TO DO: Your copy must hold every line of the records word for word. It must hold no pictures.

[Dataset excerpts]
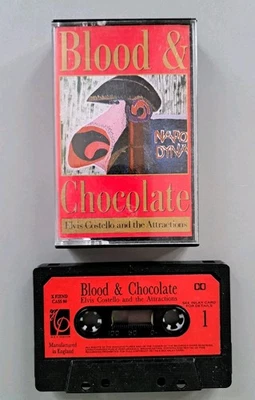 Elvis Costello & the Attractions - Blood & Chocolate UK Audio Cassette ~ Album - Image 1 of 4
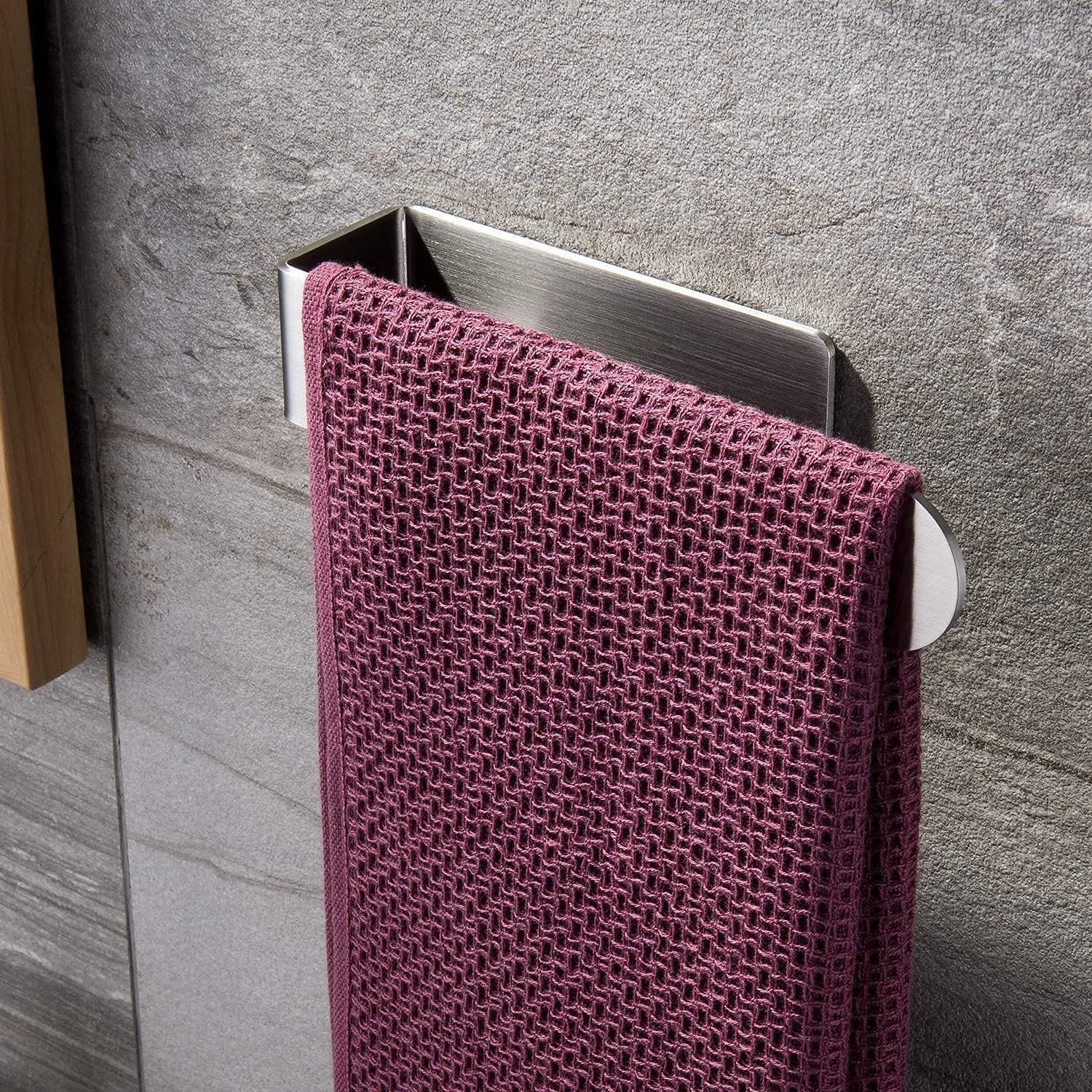 DELTAHOME Paslanmaz Çelik Havlu Askısı - Kendinden Yapışkanlı - 28cm - inox - Model: Köln - Görsel 3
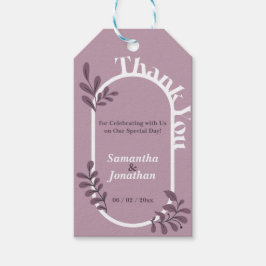 Etiqueta Para Presente Casamento Simples Rosa Rococo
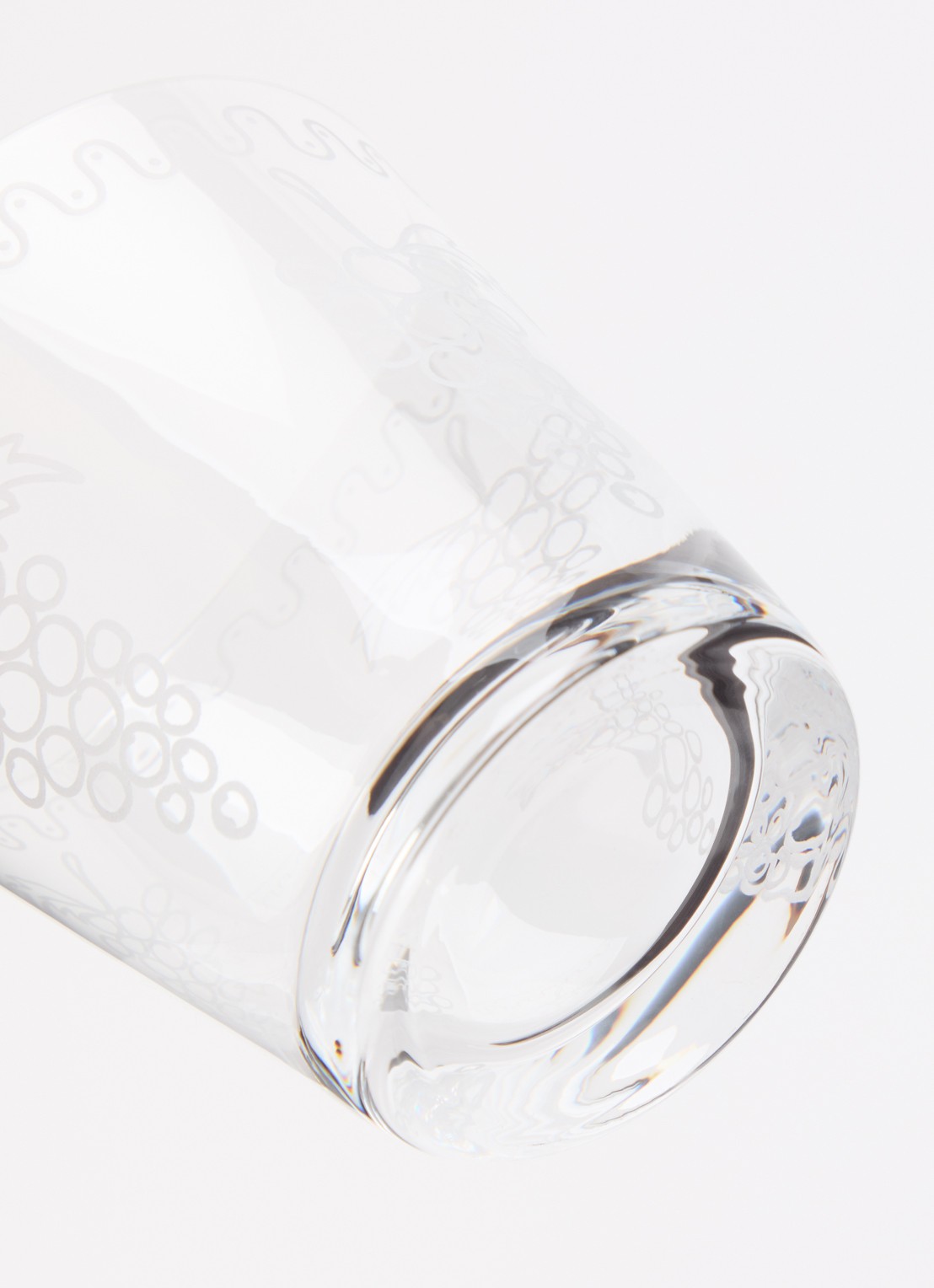 Anna + Nina Grapevine waterglas  - voorkant 2 wit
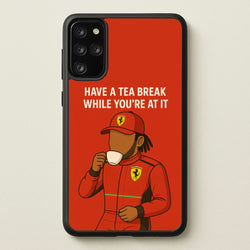 Hamilton's Tea Break  - F1 Phone Case for Galaxy S20 Plus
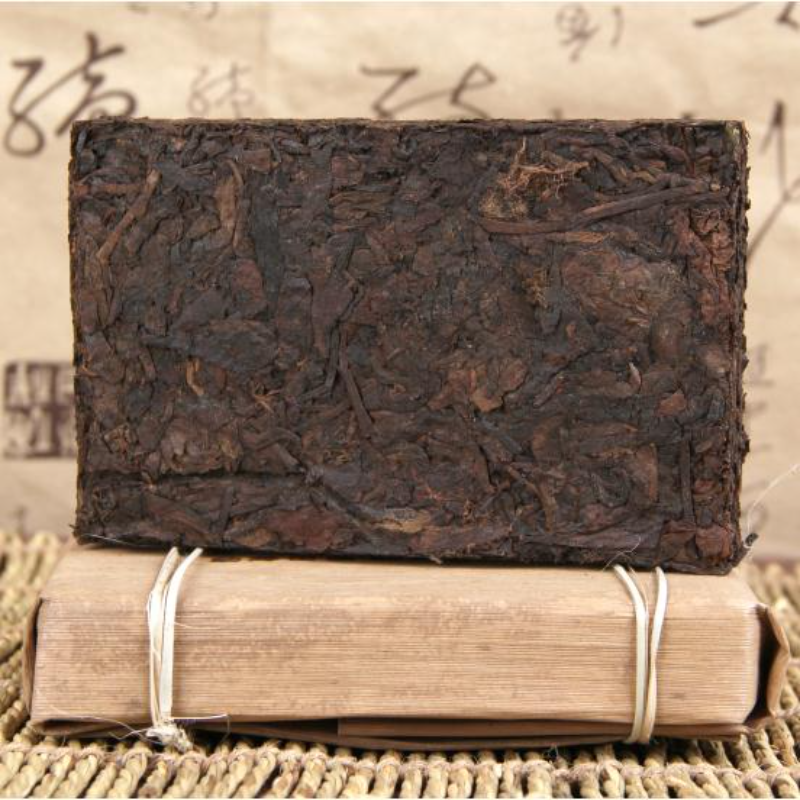 250g Yunnan Ripe Puerh Tea Menghai Pu-erh Cooked Tea Brick 7562 Pu'er Tea Secondary image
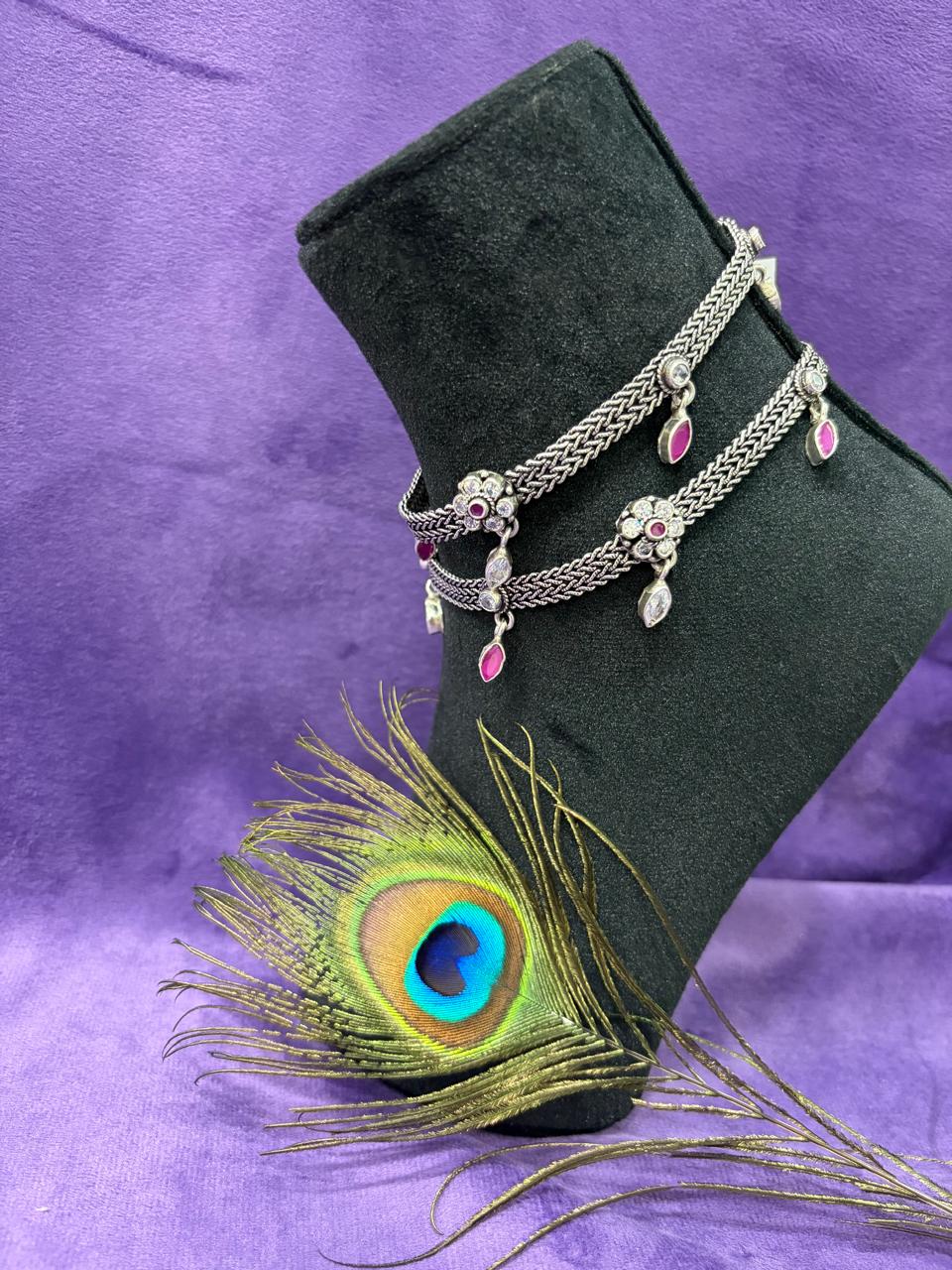 92.5 Sterling Silver Anklet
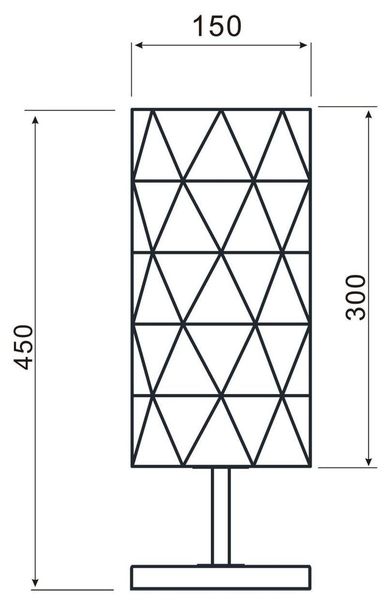 Deko-Light Tischleuchte Asterope linear, weiß, matt, E27, max. 40W 346003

SOLUTION FOR THIS EXERCISE:
 Elvis Costello & the Attractions - Blood & Chocolate UK Audio Cassette ~ Album - Image 1 of 4
 DELTAHOME Paslanmaz Çelik Havlu Askısı - Kendinden Yapışkanlı - 28cm - inox - Model: Köln - Görsel 3
 Etiqueta Para Presente Casamento Simples Rosa Rococo
 Anna + Nina Grapevine waterglas  - voorkant 2 wit
 Hamilton's Tea Break  - F1 Phone Case for Galaxy S20 Plus
 250g Yunnan Ripe Puerh Tea Menghai Pu-erh Cooked Tea Brick 7562 Pu'er Tea Secondary image
 92.5 Sterling Silver Anklet
 Deko-Light Tischleuchte Asterope linear, weiß, matt, E27, max. 40W 346003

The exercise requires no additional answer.